I pledge my head to clearer thinking, my heart to greater loyalty, my hands to larger service, and my health to better living for my family, my club, my community, my country, and my world
 –The 4-H Pledge

Dr. Freeman
It was well over 100 years ago when the founders of 4-H conceived of our pledge. I believe it is just as foundational for youth development today as it was those many years ago.

Head. Heart. Hands. Health.

In 4-H, youth build skills they need to lead for a lifetime. And as we support and encourage their development, it’s critical that we consider all aspects of their selves. Because true leaders lead with every part of who they are.

Over the coming months, I’d like to share with you some of my own reflections on the pledge as well as reflections from youth, volunteers, and alumni in our community.

I pledge my head to clearer thinking.

This part of our pledge is about cognitive development, building strong processing skills that empower youth to grow knowledge and apply it. Youth have many ways to develop their cognitive skills. What’s particularly special about cognitive development in 4-H is that we don’t tell our youth what to believe, think, or learn. Instead, we show them how to think, how to use processing skills to develop their own knowledge and understanding.

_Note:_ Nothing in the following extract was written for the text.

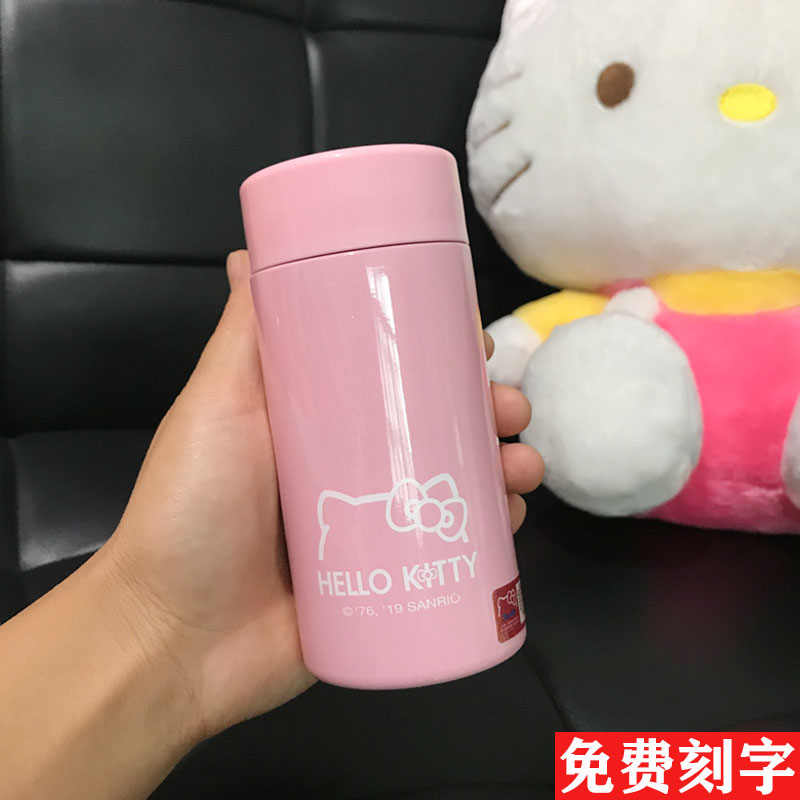 Insulation Cup Women Mini cute and small Jane about portable teen student 304 stainless steel light weight Hello water glass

Julianna is a 4-H alum from South St. Louis County attending the University of Minnesota –Crookston. She recently described how she uses the cognitive skills she grew during her years in 4-H. "I’m always using my head for clearer thinking. Whether it be about my future plans, my classes, or my friends, I try to wisely resolve any issues that come up.” As she pursues college and career in the equine industry, Julianna continues to build those cognitive skills she learned to use in 4-H.

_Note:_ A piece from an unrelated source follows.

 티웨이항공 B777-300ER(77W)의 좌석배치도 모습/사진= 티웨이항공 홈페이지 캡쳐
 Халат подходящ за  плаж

Volunteer Patty with McLeod County 4-H
project bowl team
Patty, a volunteer in McLeod County 4-H, has spent nearly 20 years helping youth prepare for 4-H Project Bowls. She loves this work because she gets to see the learning process firsthand and celebrate when hard work pays off. “My favorite is when a really shy member of our team has the courage to buzz in and give a right answer. It might be the one and only time they buzz in during an entire competition, but the look on their face when they get it right, when they can show what they’ve learned, I just love it.”

How have you seen cognitive development, thinking skills, growing in the 4-H youth around you? Are they learning to process, evaluate, and imagine through their 4-H project learning and other experiences? I’d love to hear what you’re seeing. As our youth learn to think, they are growing skills to be true leaders!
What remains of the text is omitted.